Uh, I want to tussle a little bit more with uh the comparison and actually how comp works as a founder versus an AI researcher versus an NBA player because NBA players have uh these these locked contracts where even if they underperform, they might be still getting $10 million a year.

Uh if they overperform, they might be underpaid for a little bit, but then they can enter free agency, re renegotiate. um even even if they and then there is some variability on top with like the signing like the sponsorship deals. So you might be underpaid but monetizing very well with a Nike shoe deal for example.

Uh on the founder side, it's kind of like feast or famine, but you have this uncapped upside. With the with the AI researchers, you have yeah, you you have the ability to like get fired, but you don't have as much of a clear signal on the impact.

Or maybe maybe I'm misunderstanding that, but if I think about there is there going to be what like 50 50 key players on the super intelligence team at Meta. This is a tens of thousands of employees, trillions of dollars in market cap. Like it's very hard to say this researcher moved the market cap this much.

They justified that hundred million as opposed to if you hit the winning three-pointer, it's very clear you won the game and we can look at your stats specifically in your contribution. You can do moneyball very easily.

Uh and in the founder seat, you know, it's like, yeah, you hired the key people, you got the sales contract, you raised the next round, you added, you took the company from a hund00 million in uh, you know, series A post to a billion dollar unicorn.

You should get all that credit, all that credit, and you should get that financial upside. And so it feels like it's a little bit squishier, but do you think that there will be more moneyball applied to this?

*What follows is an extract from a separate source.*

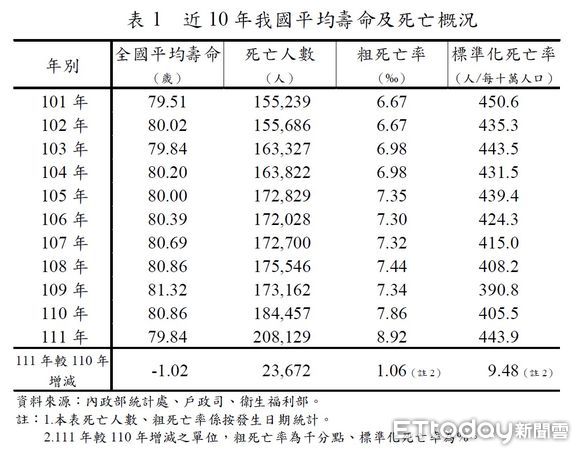 ▲▼101年-111年近10年我國平均壽命及死亡概況             。（圖／內政部提供）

Do you think that we'll just see kind of massive churn based on vibes like hey you came in couple months didn't do anything that crazy or there will be more like internal politics to make sure you're justifying that massive salary once you get in.

And then last question is kind of like the the idea of jelling these teams. You know the the example we heard previously was like LeBron went to the Heat. They had the dream team. Still took him a year. Tyler Cowan didn't know that he was a basketball b you got to put us side by side next time. Yeah.

So, so, uh, yeah, just just, ju and I would just chime in and say like I look at it as he he he acquired a team. He didn't acquire any one individual player. And so, you're really measuring, hey, I spent x number of billions.

What am I getting from that versus micromanaging in the short term 3 months in oh what have what have you done so far is a good question to ask but not necessarily like you're paying you're getting the team to deliver the thing that you want which is maybe unclear but yeah I I think so by the way I will tell you I think this is like my dream come true the idea of like chatting with uh some new friends about like the mix of technology and basketball and you know a little bit of like compensation thrown in like this is this is amazing um But I simul this is the best.

It's the best. I think that Okay, so I actually think Jordy, I agree with you. I think that the way this is going to go down for these companies and let's just use meta as an examples.

I think they're going to look at their aggregate investment in you know capex as well as in people and they're going to have some absolute goal of like are we one of the leading players in reaching super intelligence or not and I actually think that the people cost of that are much much much smaller than the capex cost.

And I think that but I think that overall it ought to be judged as like a team. It's just like are we going did they become did they enter the race? Are they you know one of the leaders in the race?

And then I think within that I suspect that you know Alex Wang, Natt Friedman, some of these other folks that are going to be leading this lab. I suspect that they'll do normal managerial stuff of like are we actually getting the most out of each of these people.

I do think that it's way easier to figure that out with 50 people than there is with, you know, a thousand people or, you know, 5,000 people. And I actually think that this idea of like Dunbar's number is like really appropriate here.

You know, below 150 people is just like such a different management challenge than uh above 150 people because everyone knows what everyone else is doing. And there's some element of like game recognizes game, you know, of like do the other people on the research team think the other people are carrying their weight.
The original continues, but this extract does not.